Task prompt » Could you restate all of the records exactly, leaving out the pictures?

(Data records)
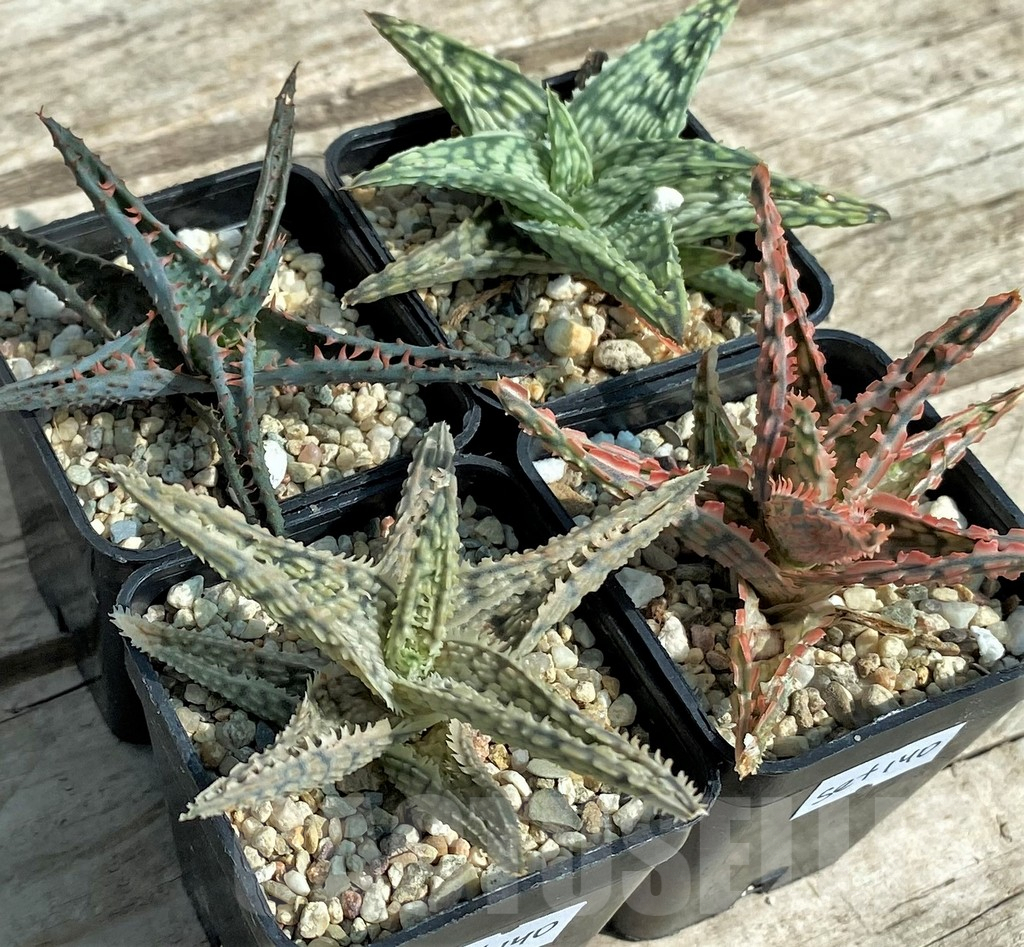 SET140 Aloe mix, 4 plants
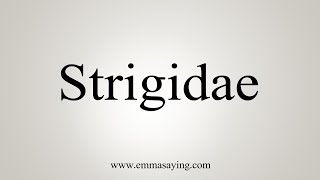 How To Say Strigidae [upl. by Esiuolyram702]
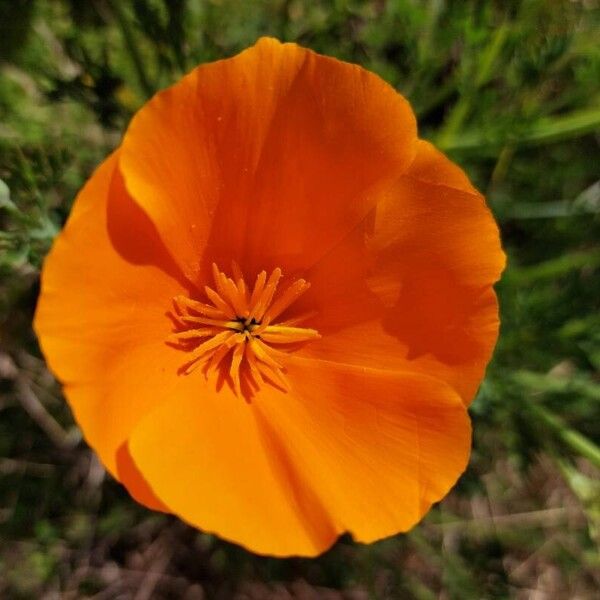 Eschscholzia californica Цветок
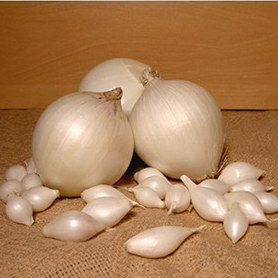 Сноуболл цибуля-сівок(тиканка) TOP Onionsets Голландія 250 грам, фото 1
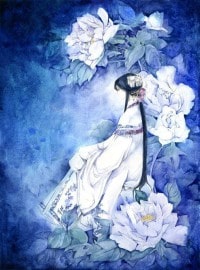 校园全能高手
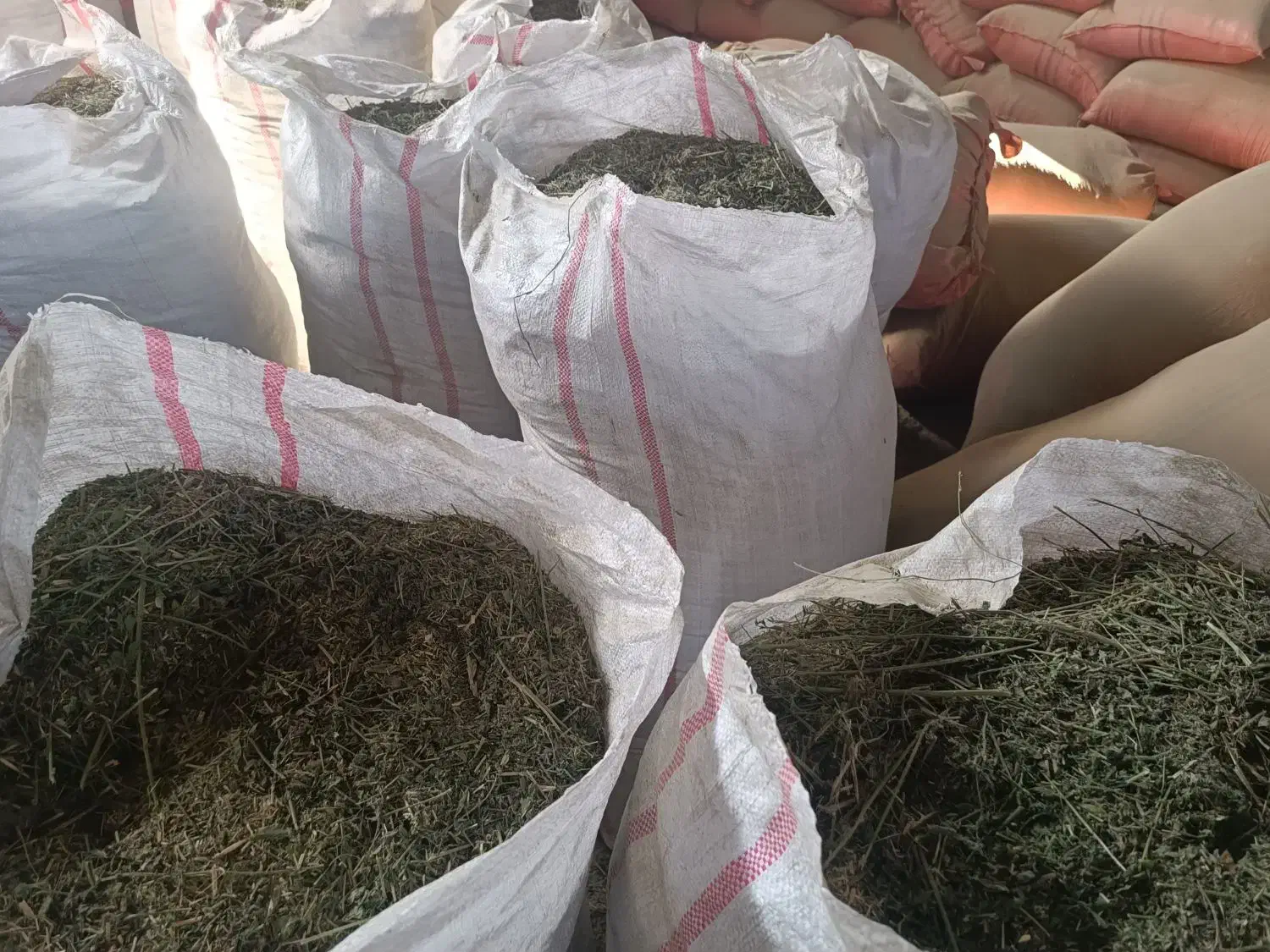 کاه یونجه|خدمات باغبانی و درختکاری|گتوند, |دیوار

Answer for this exercise »
 SET140 Aloe mix, 4 plants
 How To Say Strigidae [upl. by Esiuolyram702]
 Eschscholzia californica Цветок
 Сноуболл цибуля-сівок(тиканка) TOP Onionsets Голландія 250 грам, фото 1
 校园全能高手
 کاه یونجه|خدمات باغبانی و درختکاری|گتوند, |دیوار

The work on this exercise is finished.